The changing seasons reflect his sexual awakening. In spring Charles finds the roses in his mother’s garden ‘hot as the faces of amorous girls.’ Returning in the stunned pause of summer, the changed season is linked to the changed boy. His heightened sensual delight in the summer landscape mirrors his unspoken desire for Margaret. Under the great hot sky she places her hand over his eyes.

‘If he opened them he saw a dim colour of flesh, with light coming sharply under the edges; it felt warm and alive, as though her naked body were against his face.’

Mackenzie’s simple spacious language penetrates deeper truths, as in Charles’ reflections on the nature of death following the suicide of the headmaster. For the fatherless boy the headmaster had represented a ‘positive masculinity’ which Penworth lacks. Charles is seeking a father figure and finds it in the old man, as well as in his house-master, Mr Jolly − a wonderful portrait by the way.

What a pleasure this book is. Readers will find in its pages an evocation of that strange half-world between childhood and adulthood which we all once inhabited. I can think of only one other novel that is comparable and as nearly good: Antonia White’s equally classic Frost In May which fictionalises her own experiences in a Catholic girls’ boarding school.

I cannot remember a book I have loved so much in the last twenty years of reading. Mackenzie’s classic sentence structure, eighteenth-century in its precision, rarely falls into excess. What especially enchants is the almost hymnal quality of the slow-rolling rhythms:

‘The days were lengthening, mysterious now with spring’s virginity and promise; the cold nights were shorter, brilliant in moonlight green or the dark silver of starlight, cloudless, windless, frosty and serenely still.’

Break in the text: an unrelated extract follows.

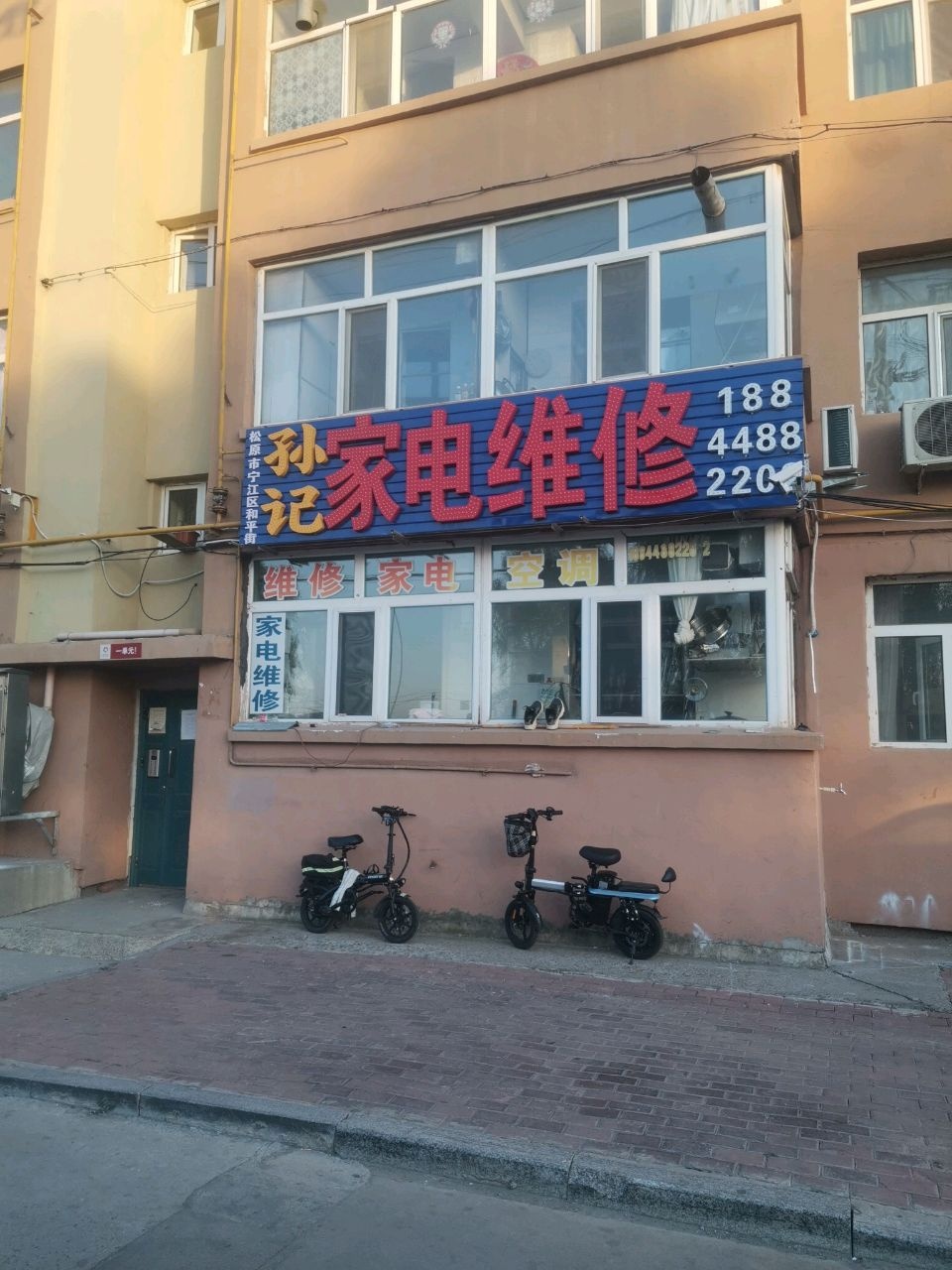孙记家电维修(和平小区店)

The Young Desire It was written white hot in six weeks by the author when in his early twenties, under the impulse of intensely remembered experience. It is our good fortune that it has been rescued from oblivion and re-printed by Text Publishing, that champion of the best of Australian literature. I am wary of praising too highly for fear of setting up expectations that might prevent other readers from discovering their own delights. All I can say is, this is a book you won’t regret reading.